* Work instruction
Beginning at the line containing "Post mobile banking", repeat each line below exactly up to and including the line containing "Once someone discovers". Do not repeat the pictures.
::: Provided records
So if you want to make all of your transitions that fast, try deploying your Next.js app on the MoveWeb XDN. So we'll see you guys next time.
::::::
::: Provided records
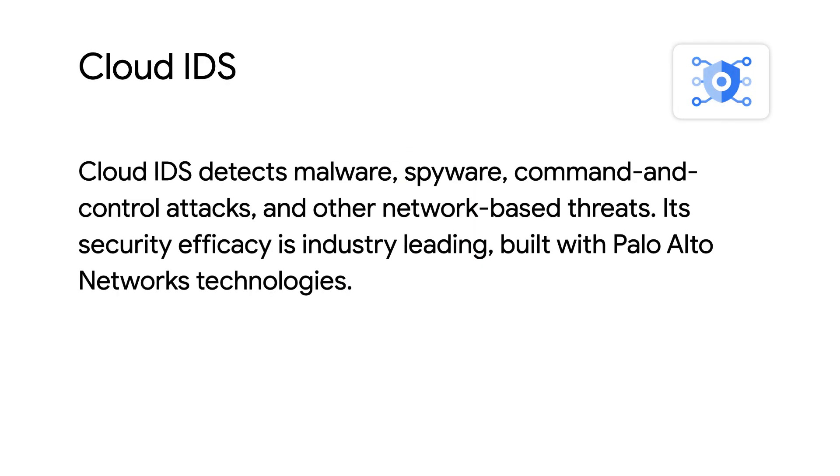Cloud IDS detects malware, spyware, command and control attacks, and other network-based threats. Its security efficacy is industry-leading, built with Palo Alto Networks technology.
::::::
::: Provided records
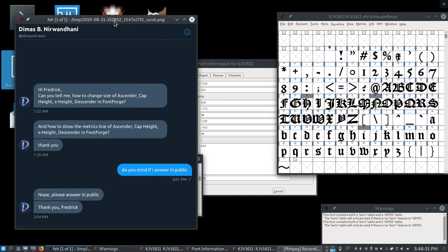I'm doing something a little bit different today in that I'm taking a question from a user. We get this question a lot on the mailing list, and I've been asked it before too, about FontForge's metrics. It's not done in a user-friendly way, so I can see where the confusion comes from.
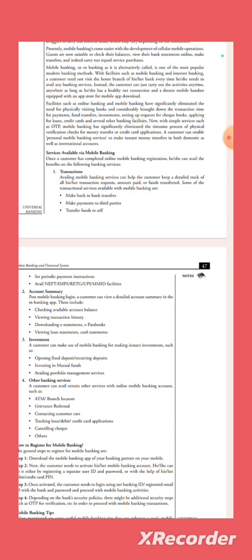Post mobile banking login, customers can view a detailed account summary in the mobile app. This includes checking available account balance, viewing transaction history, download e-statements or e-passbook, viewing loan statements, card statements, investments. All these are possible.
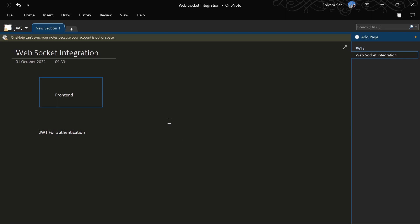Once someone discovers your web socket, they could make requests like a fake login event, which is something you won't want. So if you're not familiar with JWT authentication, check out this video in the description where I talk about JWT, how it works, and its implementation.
::::::
* Task solution
Post mobile banking login, customers can view a detailed account summary in the mobile app. This includes checking available account balance, viewing transaction history, download e-statements or e-passbook, viewing loan statements, card statements, investments. All these are possible.
Once someone discovers your web socket, they could make requests like a fake login event, which is something you won't want. So if you're not familiar with JWT authentication, check out this video in the description where I talk about JWT, how it works, and its implementation.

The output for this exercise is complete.